Cain, Caleb, Cameron

The doctors promised twins but delivered only one baby from my wife’s pummeled womb, her troubled cavity. First the push, push, then the blood, then my mistake-toothed firstborn gnashing in the nurse’s arms: chubby, too chubby, too covered in mother’s gore.

And then my wife continuing to scream.

And then the doctors begging her to stop.

And then what came next, what loose hair, what loose skin, what loose son or daughter, what delta of destruction flowing: my eyes, my wife’s nose, swimming small and recognizable in the flotsam—and then what once-plump arms, what legs covered in bite marks, such expired flesh taken clean off soft baby bones.

In the nursery, our son cried sleepless, sucked frozen pacifiers, pulled at his ears with his fingers, and from behind the glass between us I watched helpless as he chewed his blanket, as he choked past his pillow’s stuffing, unsatisfied.

At home, it is my wife who cries, while our firstborn sucks her tit dry, while his rows of teeth puncture her skin, pock-mark her areola.
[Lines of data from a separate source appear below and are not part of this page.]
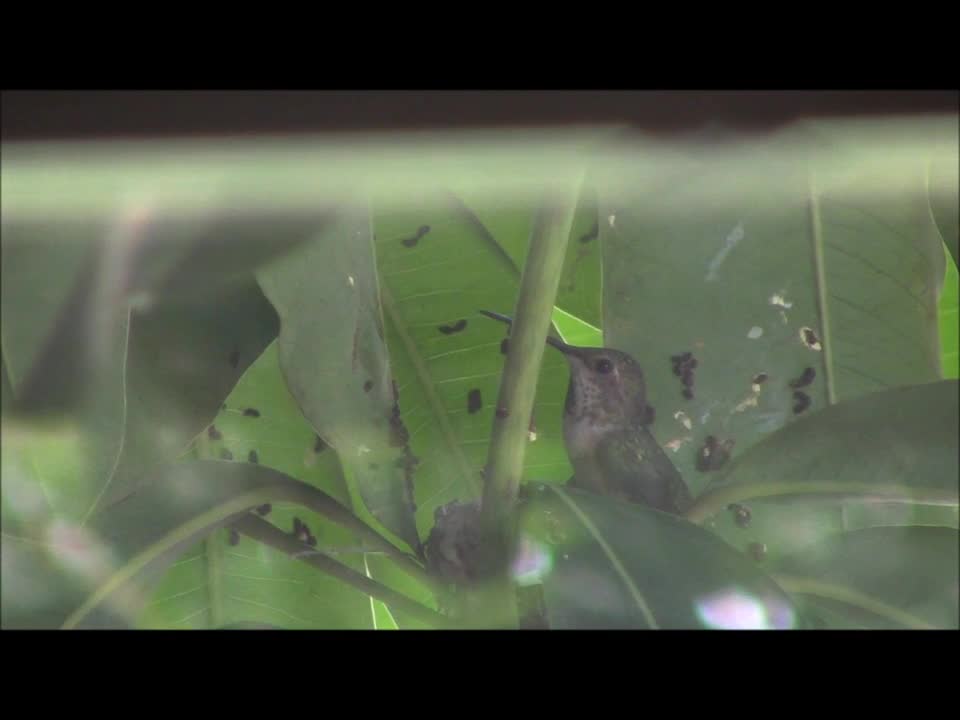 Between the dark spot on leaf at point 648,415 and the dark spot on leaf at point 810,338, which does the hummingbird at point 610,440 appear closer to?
the dark spot on leaf at point 648,415

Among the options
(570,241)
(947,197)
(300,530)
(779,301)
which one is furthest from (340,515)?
(947,197)

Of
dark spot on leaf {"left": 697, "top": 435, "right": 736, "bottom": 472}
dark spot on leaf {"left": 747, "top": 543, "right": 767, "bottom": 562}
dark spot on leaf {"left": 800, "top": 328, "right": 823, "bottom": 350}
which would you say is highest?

And how to respond when she complains of his always-hunger, when in an empty voice she begs me to allow the bottle instead?

But look at our son, I say.

Look how tall he’s grown. Look how strong.

Look how he walks, only a month old.

Look how he lifts the icebox lid, how he opens the packaging with his teeth.

Look at his mouth, stained again a ring of red, just like the day he was born.